TASK PROMPT: Repeat all of the records exactly, leaving out the pictures.

** Opening INPUT DATA block **

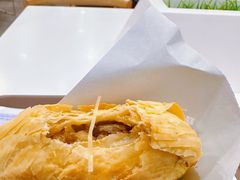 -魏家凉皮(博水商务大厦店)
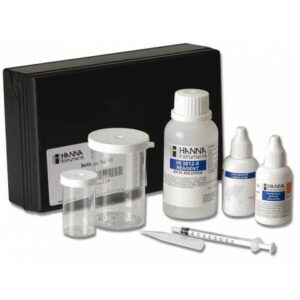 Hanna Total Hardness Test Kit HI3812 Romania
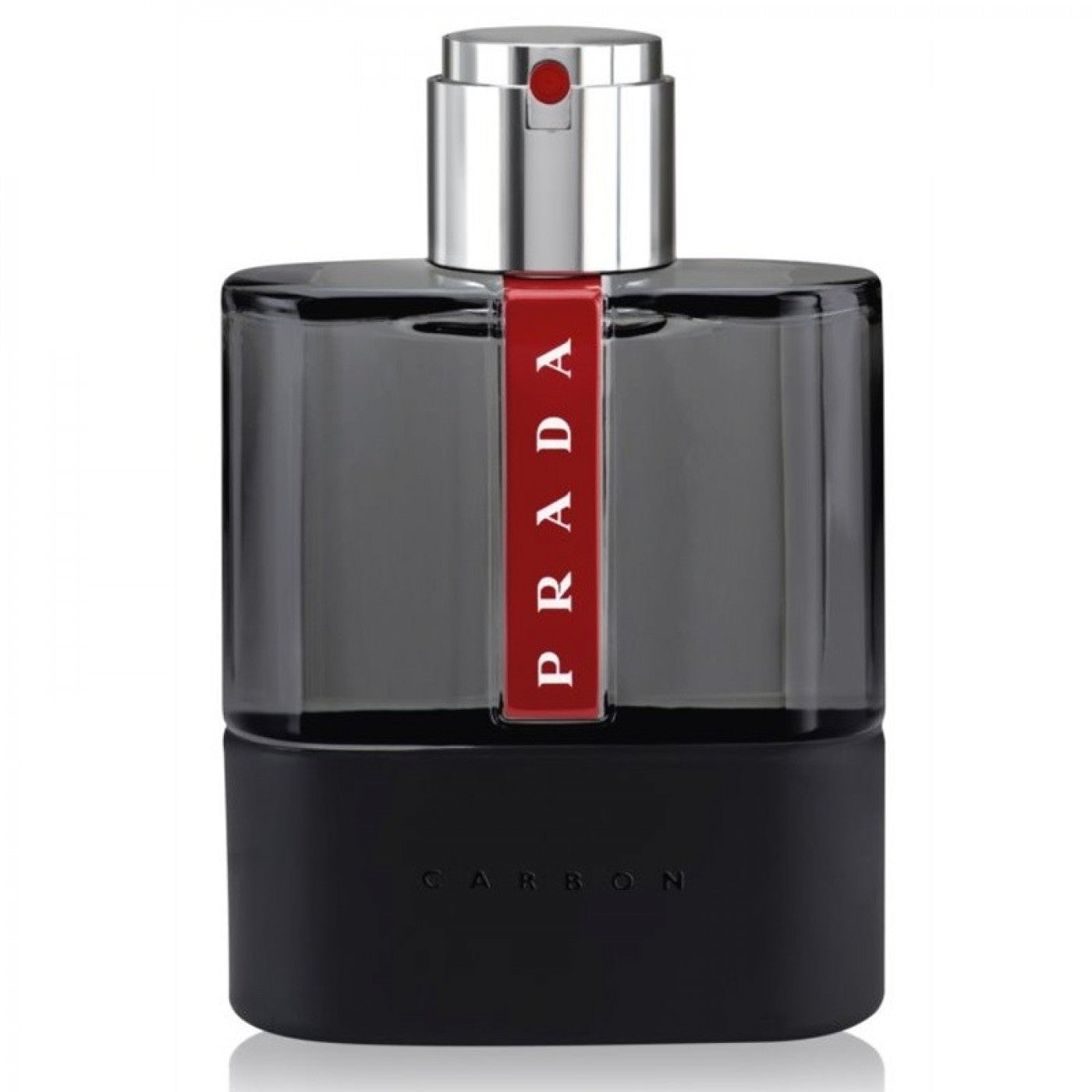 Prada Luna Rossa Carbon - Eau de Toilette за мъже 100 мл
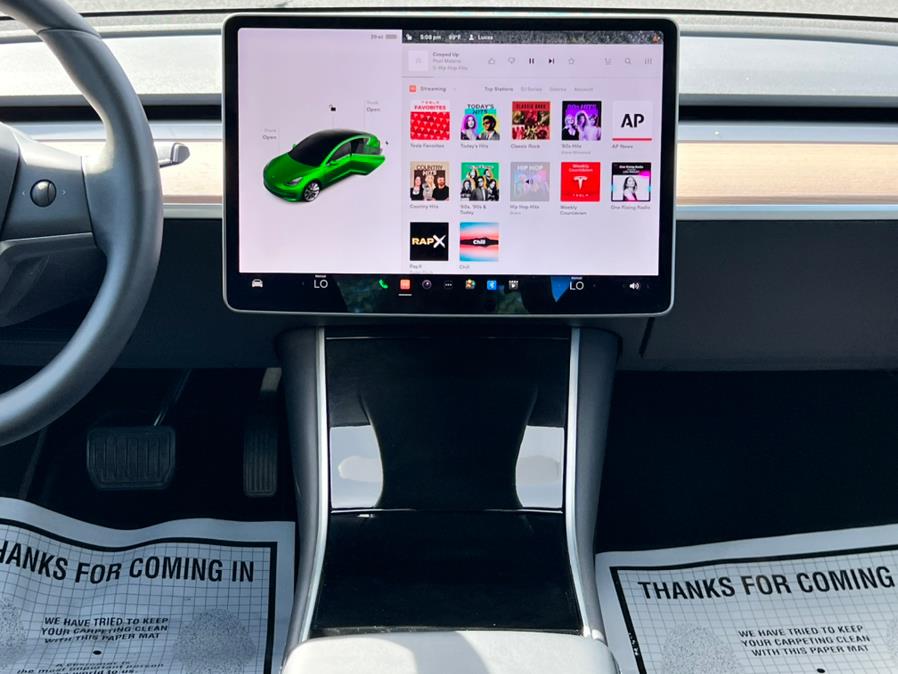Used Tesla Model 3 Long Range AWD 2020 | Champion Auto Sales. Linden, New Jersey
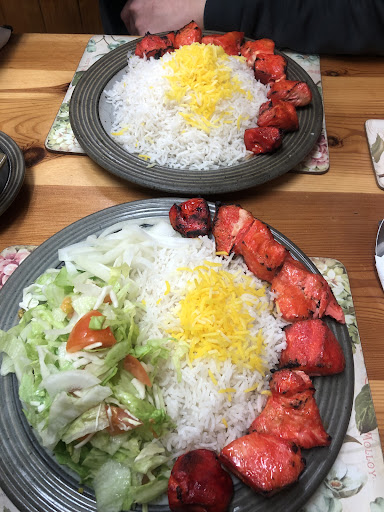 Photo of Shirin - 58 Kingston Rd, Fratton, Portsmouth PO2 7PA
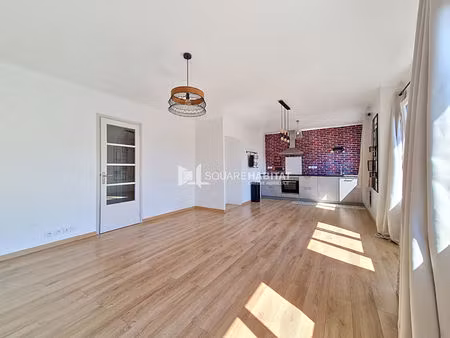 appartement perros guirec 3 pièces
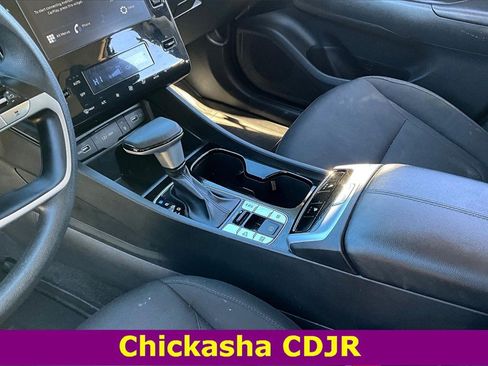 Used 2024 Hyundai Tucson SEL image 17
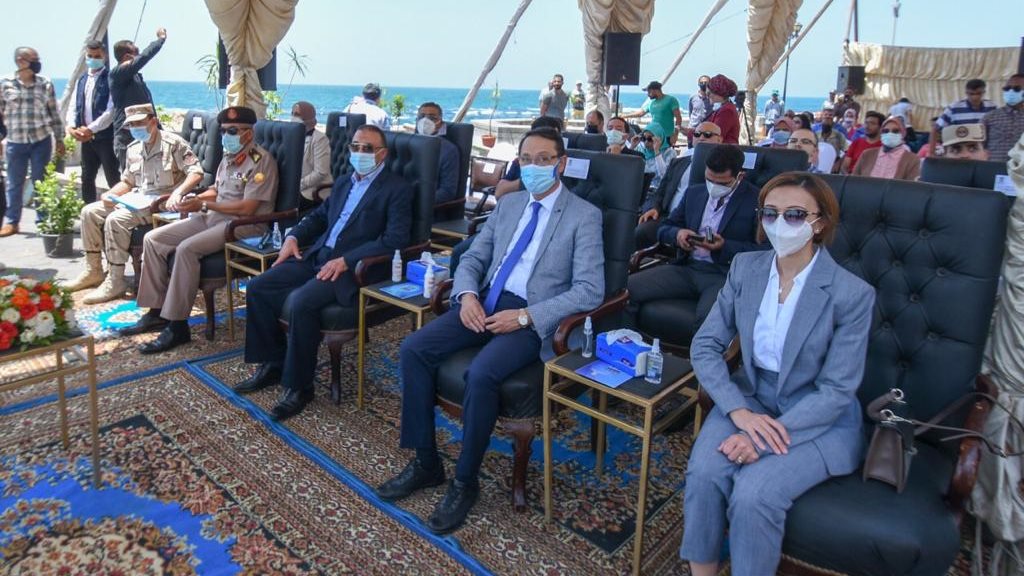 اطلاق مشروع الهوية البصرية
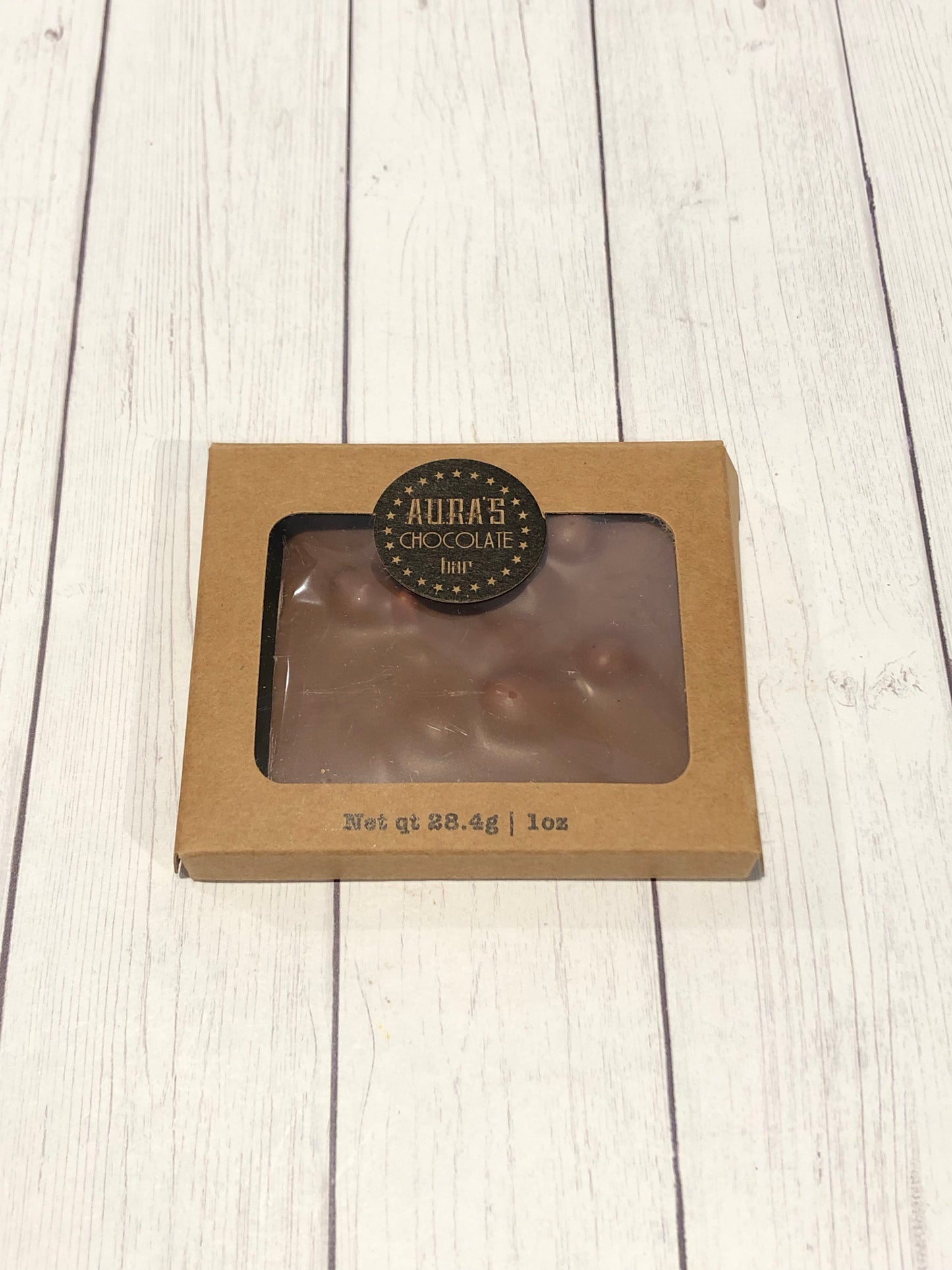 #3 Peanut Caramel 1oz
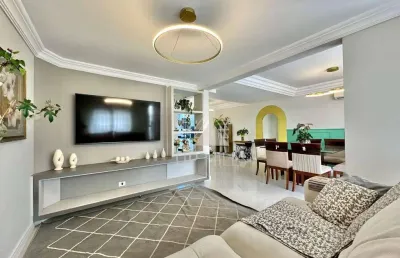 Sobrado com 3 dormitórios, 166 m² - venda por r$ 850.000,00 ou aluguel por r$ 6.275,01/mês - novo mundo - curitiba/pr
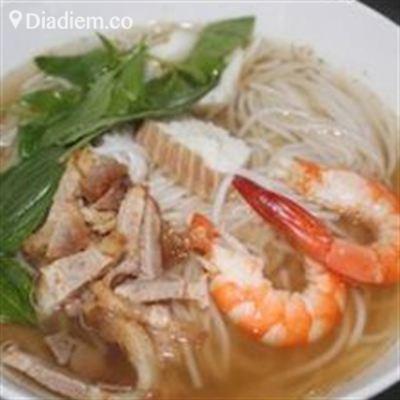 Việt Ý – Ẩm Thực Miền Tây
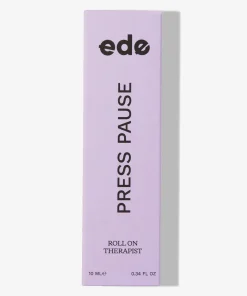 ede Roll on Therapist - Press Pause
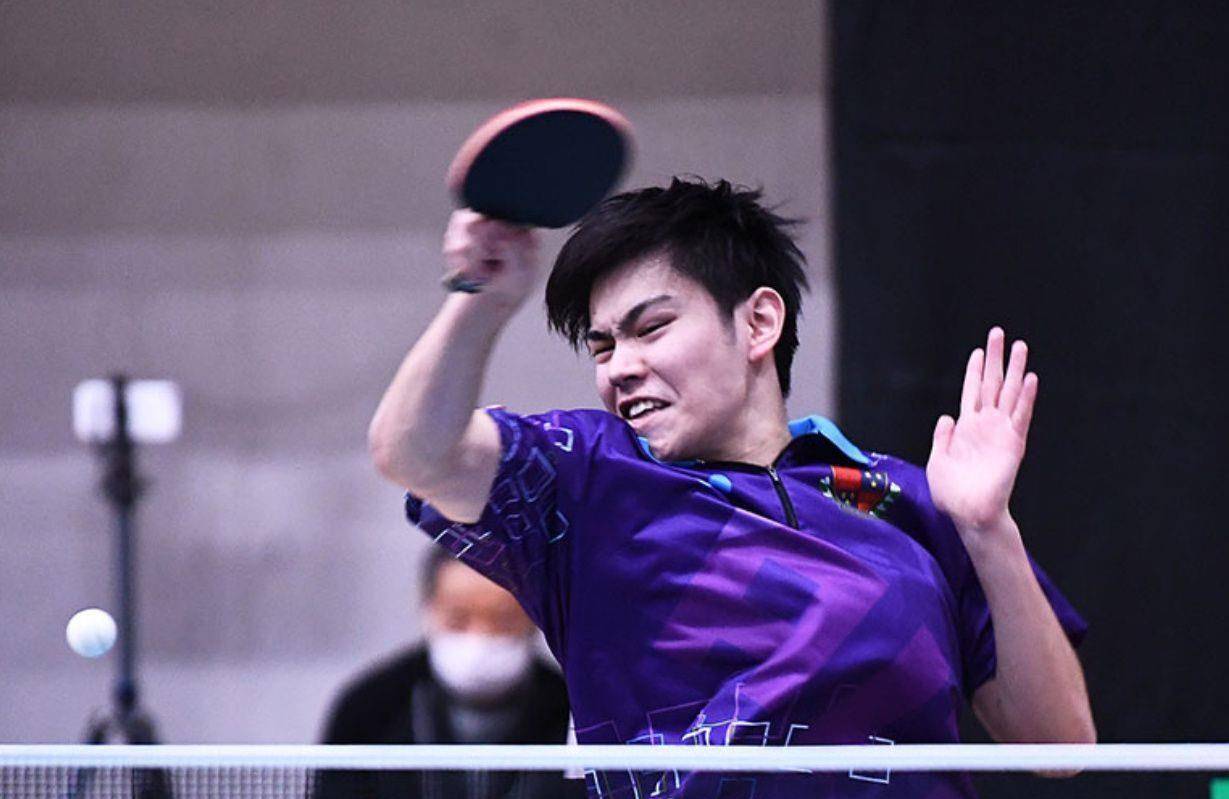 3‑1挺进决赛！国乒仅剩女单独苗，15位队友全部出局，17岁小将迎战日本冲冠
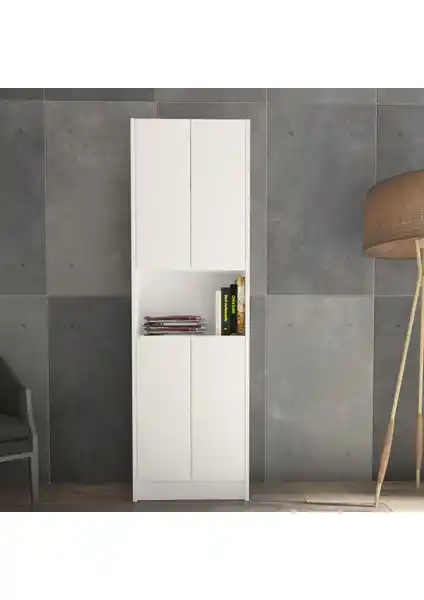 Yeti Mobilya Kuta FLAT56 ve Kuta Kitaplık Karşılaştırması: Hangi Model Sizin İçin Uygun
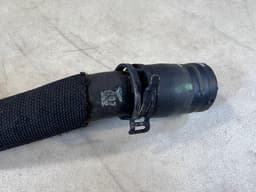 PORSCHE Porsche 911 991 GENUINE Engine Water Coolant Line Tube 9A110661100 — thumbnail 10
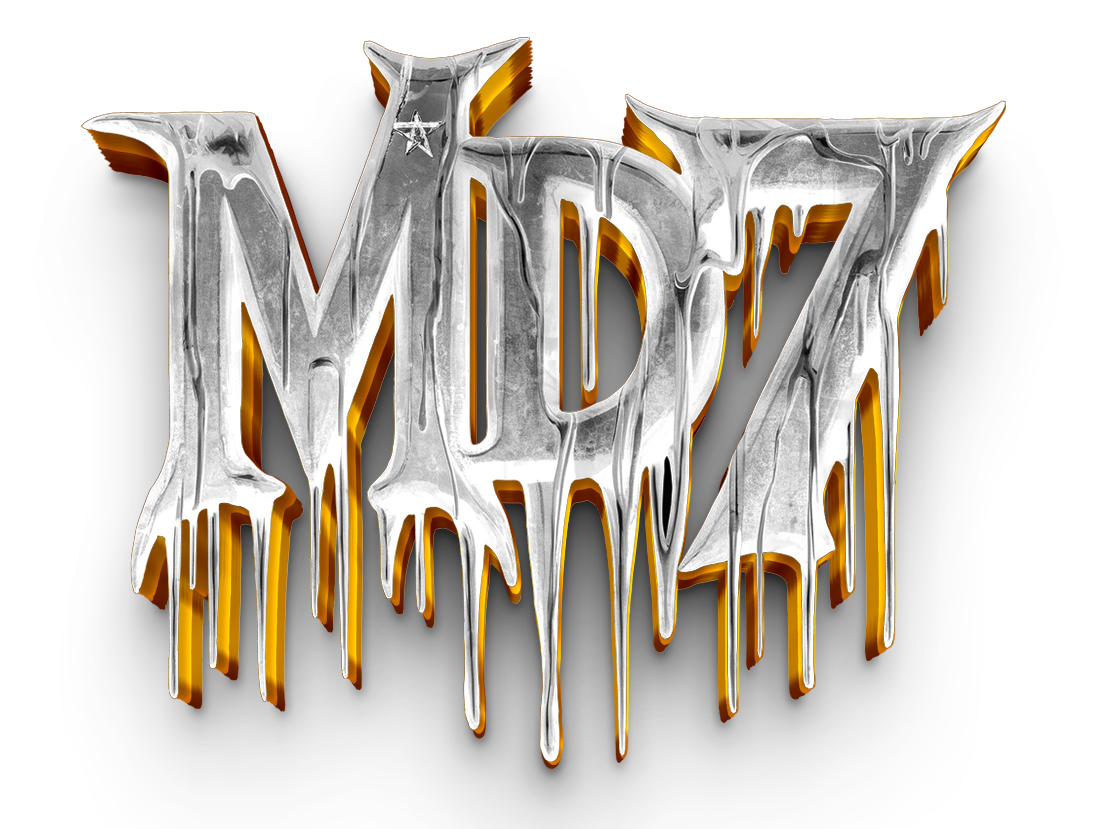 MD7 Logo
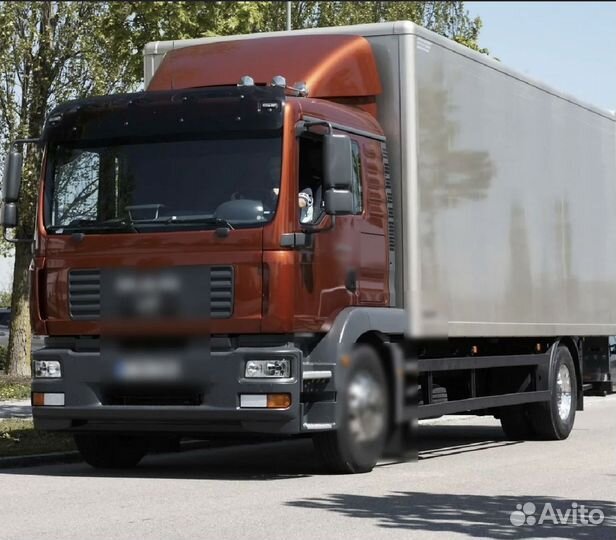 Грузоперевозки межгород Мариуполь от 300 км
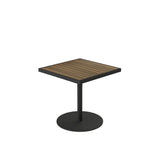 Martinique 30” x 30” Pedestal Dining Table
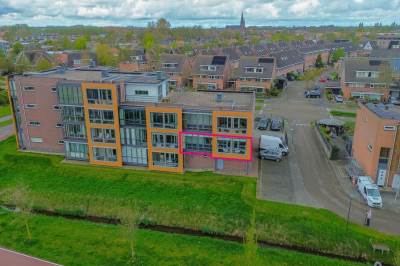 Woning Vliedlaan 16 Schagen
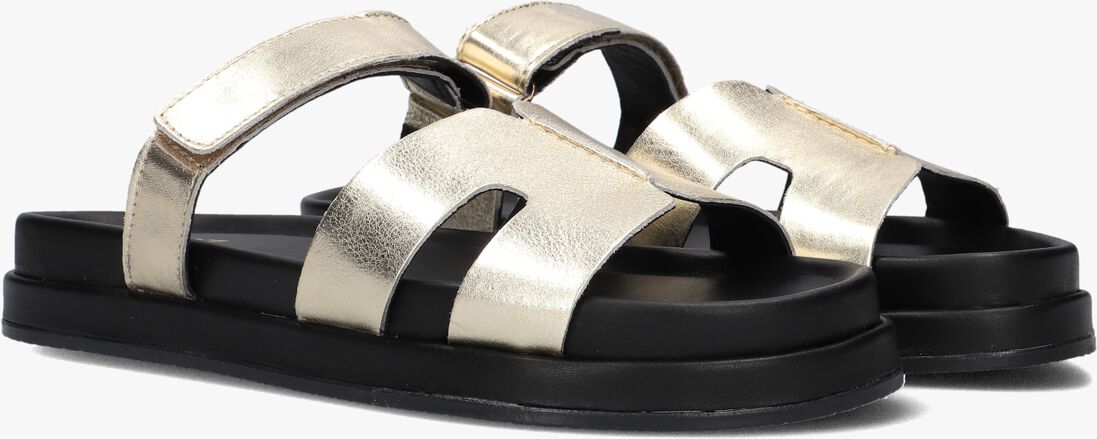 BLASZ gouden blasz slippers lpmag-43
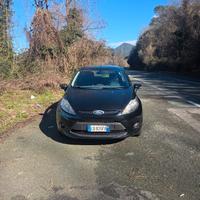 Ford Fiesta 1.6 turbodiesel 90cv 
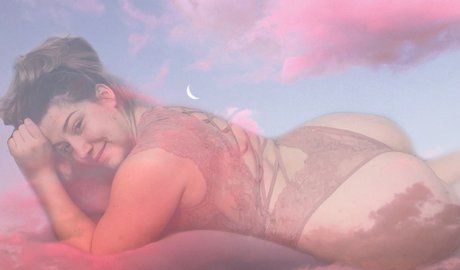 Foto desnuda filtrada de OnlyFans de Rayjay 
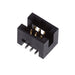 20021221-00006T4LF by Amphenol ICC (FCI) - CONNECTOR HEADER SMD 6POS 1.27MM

** Closing INPUT DATA block **

RESPONSE TO THE EXERCISE:
 -魏家凉皮(博水商务大厦店)
 Hanna Total Hardness Test Kit HI3812 Romania
 Prada Luna Rossa Carbon - Eau de Toilette за мъже 100 мл
Used Tesla Model 3 Long Range AWD 2020 | Champion Auto Sales. Linden, New Jersey
 Photo of Shirin - 58 Kingston Rd, Fratton, Portsmouth PO2 7PA
 appartement perros guirec 3 pièces
 Used 2024 Hyundai Tucson SEL image 17
 اطلاق مشروع الهوية البصرية
 #3 Peanut Caramel 1oz
 Sobrado com 3 dormitórios, 166 m² - venda por r$ 850.000,00 ou aluguel por r$ 6.275,01/mês - novo mundo - curitiba/pr
 Việt Ý – Ẩm Thực Miền Tây
 ede Roll on Therapist - Press Pause
 3‑1挺进决赛！国乒仅剩女单独苗，15位队友全部出局，17岁小将迎战日本冲冠
 Yeti Mobilya Kuta FLAT56 ve Kuta Kitaplık Karşılaştırması: Hangi Model Sizin İçin Uygun
 PORSCHE Porsche 911 991 GENUINE Engine Water Coolant Line Tube 9A110661100 — thumbnail 10
 MD7 Logo
 Грузоперевозки межгород Мариуполь от 300 км
 Martinique 30” x 30” Pedestal Dining Table
 Woning Vliedlaan 16 Schagen
 BLASZ gouden blasz slippers lpmag-43
 Ford Fiesta 1.6 turbodiesel 90cv 
 Foto desnuda filtrada de OnlyFans de Rayjay 
 20021221-00006T4LF by Amphenol ICC (FCI) - CONNECTOR HEADER SMD 6POS 1.27MM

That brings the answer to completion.